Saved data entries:
_ _ _
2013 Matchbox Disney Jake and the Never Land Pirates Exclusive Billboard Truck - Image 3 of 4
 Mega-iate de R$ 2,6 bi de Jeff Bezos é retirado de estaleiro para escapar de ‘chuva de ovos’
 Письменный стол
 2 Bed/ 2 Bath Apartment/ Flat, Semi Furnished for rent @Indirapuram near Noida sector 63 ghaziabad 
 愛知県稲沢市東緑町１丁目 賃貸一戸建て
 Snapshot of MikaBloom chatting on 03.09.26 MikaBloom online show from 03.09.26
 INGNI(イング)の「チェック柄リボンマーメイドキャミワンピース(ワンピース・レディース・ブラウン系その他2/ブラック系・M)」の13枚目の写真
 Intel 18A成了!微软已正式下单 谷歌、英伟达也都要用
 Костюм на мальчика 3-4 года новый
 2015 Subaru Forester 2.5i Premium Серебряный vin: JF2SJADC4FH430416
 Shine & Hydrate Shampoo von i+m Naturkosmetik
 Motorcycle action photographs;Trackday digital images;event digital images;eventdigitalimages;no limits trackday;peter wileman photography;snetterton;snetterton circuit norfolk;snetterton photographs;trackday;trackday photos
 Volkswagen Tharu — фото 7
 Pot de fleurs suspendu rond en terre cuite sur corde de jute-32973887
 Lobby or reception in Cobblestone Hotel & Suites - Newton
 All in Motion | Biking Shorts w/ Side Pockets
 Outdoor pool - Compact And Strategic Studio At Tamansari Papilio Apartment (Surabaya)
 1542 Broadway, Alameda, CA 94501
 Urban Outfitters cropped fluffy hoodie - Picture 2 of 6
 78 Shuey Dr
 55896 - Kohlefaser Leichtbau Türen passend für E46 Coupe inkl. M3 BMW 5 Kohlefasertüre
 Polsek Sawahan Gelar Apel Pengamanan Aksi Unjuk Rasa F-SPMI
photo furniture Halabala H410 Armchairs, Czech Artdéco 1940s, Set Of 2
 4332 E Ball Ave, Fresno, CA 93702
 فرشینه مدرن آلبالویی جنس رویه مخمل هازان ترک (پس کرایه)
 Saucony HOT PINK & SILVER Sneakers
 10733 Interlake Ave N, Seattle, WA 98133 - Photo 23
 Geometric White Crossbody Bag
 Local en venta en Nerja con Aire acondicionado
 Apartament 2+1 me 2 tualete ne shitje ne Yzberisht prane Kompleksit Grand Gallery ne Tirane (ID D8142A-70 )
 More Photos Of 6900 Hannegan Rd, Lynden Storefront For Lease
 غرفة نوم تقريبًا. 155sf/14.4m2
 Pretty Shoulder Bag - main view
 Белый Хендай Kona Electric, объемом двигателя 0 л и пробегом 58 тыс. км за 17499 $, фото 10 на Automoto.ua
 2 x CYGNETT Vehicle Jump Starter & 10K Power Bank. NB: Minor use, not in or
_ _ _
DESCRIPTION OF THE TASK:
Taking the entries above, write out exactly the lines starting with the line containing "Volkswagen Tharu — фото 7" and going on through the line containing "4332 E Ball Ave, Fresno, CA 93702", both included, and nothing else.

ANSWER SECTION:
 Volkswagen Tharu — фото 7
 Pot de fleurs suspendu rond en terre cuite sur corde de jute-32973887
 Lobby or reception in Cobblestone Hotel & Suites - Newton
 All in Motion | Biking Shorts w/ Side Pockets
 Outdoor pool - Compact And Strategic Studio At Tamansari Papilio Apartment (Surabaya)
 1542 Broadway, Alameda, CA 94501
 Urban Outfitters cropped fluffy hoodie - Picture 2 of 6
 78 Shuey Dr
 55896 - Kohlefaser Leichtbau Türen passend für E46 Coupe inkl. M3 BMW 5 Kohlefasertüre
 Polsek Sawahan Gelar Apel Pengamanan Aksi Unjuk Rasa F-SPMI
photo furniture Halabala H410 Armchairs, Czech Artdéco 1940s, Set Of 2
 4332 E Ball Ave, Fresno, CA 93702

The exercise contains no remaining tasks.